No its not for drinking
To make the plaques I put some damp sand in a bucket and placed my own bare foot on the sand to get a print, then mixed up some plaster of Paris and poured it in. It took a while to set because of the dampness of the sand. Then I had to get the cast out by upending the bucket and scattering sand everywhere. Then I had to order a whizzer online, (Chris having broken the previous one with hot soup.) Meanwhile I greased the cast with vaseline and carefully laid out the top layer of the final piece using tissue paper for the foot and newspaper strips for the surround glued together with acrylic medium. Finally got around to whizzing up some paper scraps into papier mache and adding it to the piece to make a thicker base. I wondered what would take the Vaseline off the top surface. Google told me to use rubbing alcohol from a chemist, but if none stocked it, I could use vodka instead. Well, guess what, I ended up with vodka in my studio.

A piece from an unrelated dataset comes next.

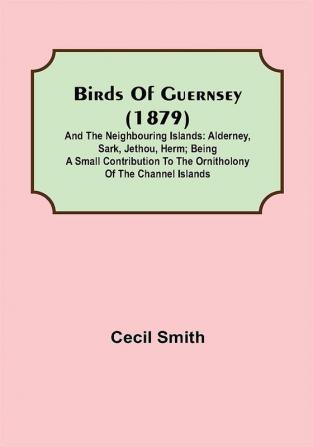 Birds of Guernsey (1879); And the Neighbouring Islands: Alderney Sark Jethou Herm; Being a Small Contribution to the Ornitholony of the Channel Islands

I have learnt from the experience that I need to use a shallower but wider receptacle for the sand, so I can mould bigger feet or shoes, and get the cast out without so much mess.

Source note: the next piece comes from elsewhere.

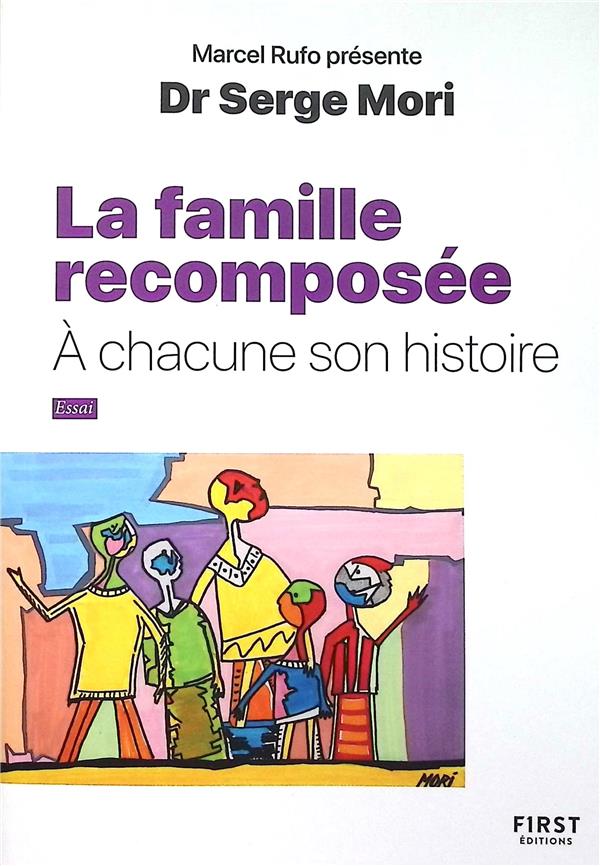 LA FAMILLE RECOMPOSEE - A CHACUN SON HISTOIRE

I had a lovely time with a 7 year-old neighbour, showing him how to make a plaster cast of his feet. He was very impressed that he had to wear a mask while we mixed the plaster. It is getting interesting making the plaques, as I have to decide what news stories to paste around the edge, as well as what personal story to tell in the footprint. I found a good piece about the need for education in the refugee camps which felt just right.
the need for education
Returning to paper clothes (as it takes so long for papier mache to dry), I took the story of the child drowned on a Turkish beach and conflated it with the current destruction of Syrian civilisation. So to tell both those stories at once, I made paper clothes for a toddler out of maps of Syria. When they were complete I crumpled them thoroughly, unlike the fashion clothes which I am trying not to crumple. I have stopped short of tearing or burning holes with joss sticks – but I still might.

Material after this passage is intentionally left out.